§ **Task item**: In the entries below, find the line with "Hey there, Tim" and the line with "So if you say"; give again those lines and every line between them, exactly.
___ Stored data
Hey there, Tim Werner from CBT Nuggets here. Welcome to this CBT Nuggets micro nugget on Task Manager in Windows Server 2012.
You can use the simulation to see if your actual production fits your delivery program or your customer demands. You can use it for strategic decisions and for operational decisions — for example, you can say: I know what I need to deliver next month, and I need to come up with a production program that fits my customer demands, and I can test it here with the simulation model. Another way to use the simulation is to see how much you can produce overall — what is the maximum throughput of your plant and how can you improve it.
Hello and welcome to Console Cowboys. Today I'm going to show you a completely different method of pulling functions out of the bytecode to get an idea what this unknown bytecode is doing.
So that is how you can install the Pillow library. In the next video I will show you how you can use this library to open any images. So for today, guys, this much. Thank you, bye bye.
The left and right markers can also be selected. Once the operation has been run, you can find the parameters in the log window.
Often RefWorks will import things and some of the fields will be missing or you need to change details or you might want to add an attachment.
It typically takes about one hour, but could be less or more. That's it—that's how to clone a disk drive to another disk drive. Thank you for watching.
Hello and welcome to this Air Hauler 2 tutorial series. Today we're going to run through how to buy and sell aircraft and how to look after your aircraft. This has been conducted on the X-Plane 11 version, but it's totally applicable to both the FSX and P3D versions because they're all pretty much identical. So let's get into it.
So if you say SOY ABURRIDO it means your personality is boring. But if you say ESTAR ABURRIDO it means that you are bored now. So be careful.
______
___ Stored data
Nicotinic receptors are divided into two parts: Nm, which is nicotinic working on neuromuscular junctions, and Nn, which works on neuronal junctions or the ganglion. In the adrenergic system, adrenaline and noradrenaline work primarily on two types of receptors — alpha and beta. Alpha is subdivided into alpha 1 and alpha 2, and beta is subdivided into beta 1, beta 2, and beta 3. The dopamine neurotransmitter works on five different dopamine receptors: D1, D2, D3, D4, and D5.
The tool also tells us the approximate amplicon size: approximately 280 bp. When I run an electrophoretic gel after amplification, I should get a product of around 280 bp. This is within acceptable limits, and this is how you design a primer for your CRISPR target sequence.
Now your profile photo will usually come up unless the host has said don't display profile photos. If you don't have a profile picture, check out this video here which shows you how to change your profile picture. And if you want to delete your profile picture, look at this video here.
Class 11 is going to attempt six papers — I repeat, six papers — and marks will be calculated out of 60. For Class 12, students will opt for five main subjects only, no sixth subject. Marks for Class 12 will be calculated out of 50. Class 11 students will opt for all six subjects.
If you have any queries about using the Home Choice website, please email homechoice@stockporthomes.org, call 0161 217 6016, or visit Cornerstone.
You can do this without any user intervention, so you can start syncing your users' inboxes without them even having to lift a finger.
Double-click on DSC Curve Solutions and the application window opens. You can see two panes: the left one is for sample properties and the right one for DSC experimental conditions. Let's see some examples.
______
§ **Result**:
Hey there, Tim Werner from CBT Nuggets here. Welcome to this CBT Nuggets micro nugget on Task Manager in Windows Server 2012.
You can use the simulation to see if your actual production fits your delivery program or your customer demands. You can use it for strategic decisions and for operational decisions — for example, you can say: I know what I need to deliver next month, and I need to come up with a production program that fits my customer demands, and I can test it here with the simulation model. Another way to use the simulation is to see how much you can produce overall — what is the maximum throughput of your plant and how can you improve it.
Hello and welcome to Console Cowboys. Today I'm going to show you a completely different method of pulling functions out of the bytecode to get an idea what this unknown bytecode is doing.
So that is how you can install the Pillow library. In the next video I will show you how you can use this library to open any images. So for today, guys, this much. Thank you, bye bye.
The left and right markers can also be selected. Once the operation has been run, you can find the parameters in the log window.
Often RefWorks will import things and some of the fields will be missing or you need to change details or you might want to add an attachment.
It typically takes about one hour, but could be less or more. That's it—that's how to clone a disk drive to another disk drive. Thank you for watching.
Hello and welcome to this Air Hauler 2 tutorial series. Today we're going to run through how to buy and sell aircraft and how to look after your aircraft. This has been conducted on the X-Plane 11 version, but it's totally applicable to both the FSX and P3D versions because they're all pretty much identical. So let's get into it.
So if you say SOY ABURRIDO it means your personality is boring. But if you say ESTAR ABURRIDO it means that you are bored now. So be careful.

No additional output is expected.